Setelah lama berusaha mencari jawaban atas pertanyaan-pertanyaan tentang Allah, Ayub akhirnya mendengar sendiri dari Allah. Di dalam badai Allah berbicara kepadanya bahwa untuk melihat Dia Ayub harus dapat memandang melampaui berbagai kesulitan yang menekan dan melihat alam semesta serta dunia sekitarnya (Ayub 38). Mari kita perhatikan beberapa bukti alam semesta dalam firman Allah ini dan melihat bagaimana hal-hal tersebut akan menuntun kita kepada suatu kesimpulan:

  • Keajaiban penciptaan bumi (ayat 4-6)
  • Keajaiban langit (ayat 7)
  • Keajaiban keseimbangan laut-darat (ayat 8).
  • Keajaiban fajar yang baru (ayat 12)
  • Keajaiban dasar samudera raya (ayat 16). 
  • Keajaiban siklus hidup-mati (ayat 17). 
  • Keajaiban asalnya terang (ayat 19).
  • Keajaiban badai elektrik (ayat 24).
  • Keajaiban angin (ayat 24).\
  • Keajaiban siklus hidrologis (ayat 25-30).
  • Keajaiban hewan yang memelihara anaknya (Ayub 39:1-3).

Inti perkataan Allah sebenarnya, "Dalam sengsaramu engkau bertanya di mana Aku ketika engkau menderita. Lihatlah kembali dunia di sekelilingmu dan engkau akan melihat Aku di sana dan diingatkan akan kebijaksanaan dan kuasa-Ku." Bruce Demarest, penulis buku General Revelation (Pewahyuan Umum), menulis, "Dengan perantaraan karya penciptaan yang luar biasa, Ayub merasakan keberadaan Allah. Tertegun, merasa rendah, dan dipenuhi rasa hormat saat merenungkan Allah dan karya-karya-Nya, Ayub membuka mulut-Nya dan berkata, ‘Hanya dari kata orang saja aku mendengar tentang Engkau, tetapi sekarang mataku sendiri memandang Engkau. Oleh sebab itu aku mencabut perkataanku dan dengan menyesal aku duduk dalam debu dan abu’" (Ayub 42:5,6).

[Pilihannya sederhana: pilih Allah yang mandiri atau alam semesta yang mandiri  —  namun alam semesta tidak menunjukkan bahwa ia adalah sesuatu yang mandiri.  —  A. J. Hoover]

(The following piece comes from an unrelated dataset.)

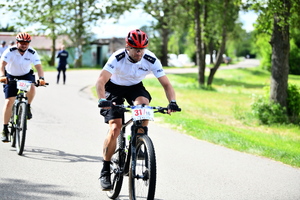 policjanci podczas zawodów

Banyak bagian dalam Mazmur juga menyaksikan bahwa alam semesta memberikan bukti tentang keberadaan Allah. Mazmur 19:1-5, misalnya, mengatakan bahwa suara Allah dapat didengar melalui seluruh ciptaan-Nya. Pemazmur menulis:
Langit menceritakan kemuliaan Allah, dan cakrawala memberitakan pekerjaan tangan-Nya; hari meneruskan berita itu kepada hari, dan malam menyampaikan pengetahuan itu kepada malam. Tidak ada berita dan tidak ada kata, suara mereka tidak terdengar; tetapi gema mereka terpencar ke seluruh dunia, dan perkataan mereka sampai ke ujung bumi. Ia memasang kemah di langit untuk matahari.

Siang dan malam, kata Pemazmur, kemuliaan Allah diberitakan melalui "langit" dan "cakrawala". Dan berita tersebut tersedia bagi semua yang mau mendengar, karena suara mereka terpencar ke seluruh dunia dan akan didengar "sampai ke ujung bumi".

Untuk memberikan contoh yang mendukung pernyataan pemazmur, kita dapat menggunakan banyak cara. Kita dapat menyampaikan ketidakmungkinan yang logis bahwa hidup dimulai tanpa stimulus dari luar, tak peduli berapa waktu yang ditetapkan para ilmuwan untuk kejadian seperti itu. Kita dapat berbicara tentang pola yang rumit dari gerak benda-benda angkasa di alam semesta, termasuk ketepatan waktu jalur tempuh mereka satu dan lainnya. Kita dapat berbicara tentang kemiringan yang tepat dari bumi, jaraknya yang tepat dari matahari, dan perjalanannya yang tepat melalui tata surya kita, semua itu merupakan syarat yang harus dipenuhi untuk memperoleh iklim sedang yang kita nikmati.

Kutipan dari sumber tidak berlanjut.